South Korea's president from 1998 to 2003, Kim is best known for the moment on June 13, 2000, when he stepped onto the tarmac at Pyongyang's airport with arms outstretched to embrace North Korean leader Kim Jong Il.

That landmark meeting, which was supposed to end 50 years of enmity between the Koreas, won Kim the Nobel Peace Prize. But Kim lived just long enough to see his "sunshine policy" unraveling as a result of North Korea's continued nuclear ambitions and the installation last year of a conservative president in South Korea.

The meeting in Pyongyang was only one of many dramatic moments in a most eventful life.

There was the time in 1973 that Kim found himself on a boat -- blindfolded and manacled, his limbs encased in concrete -- about to be tossed overboard by assassins presumably working for South Korea's military dictatorship. And then there was his return from exile in the United States in 1985, when he arrived at Seoul's airport flanked by U.S. congressmen, only to be immediately seized and placed under house arrest.

After four decades as the country's most famous dissident, Kim (often known by his nickname D.J. to distinguish him from other Kims in public life) became its president in 1998. By daring to meet with Kim Jong Il, he established what many think is an irreversible course of rapprochement between the estranged Koreas.

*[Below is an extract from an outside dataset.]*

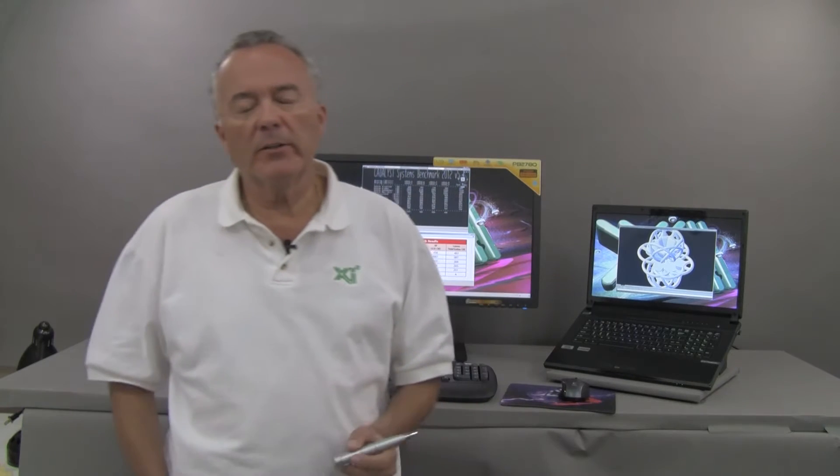Hi, this is Robert at XI Computer. We are looking today at our latest edition of the XI Power Go XT based on the Intel Core i7-3840QM and the NVIDIA Quadro K3000.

He was awarded the Nobel Peace Prize in 2000 for his "sunshine policy" of engaging North Korea and his lifelong struggle for democratization.

But his final years were spent in frustration. He was disappointed by Kim Jong Il's failure to reciprocate for the Pyongyang summit with a visit to Seoul, as well as by the George W. Bush administration's skeptical attitude toward his efforts.

Just five months after winning the Nobel Prize, Kim was humiliated during a White House visit when newly inaugurated President Bush was publicly dismissive of the idea that one could negotiate with the North Koreans.

"Although I understand fully why the North Korean leadership is not very likable, it is in the interests of global peace to pursue the policy of dialogue," Kim later recalled, in an interview with the Los Angeles Times, telling Bush.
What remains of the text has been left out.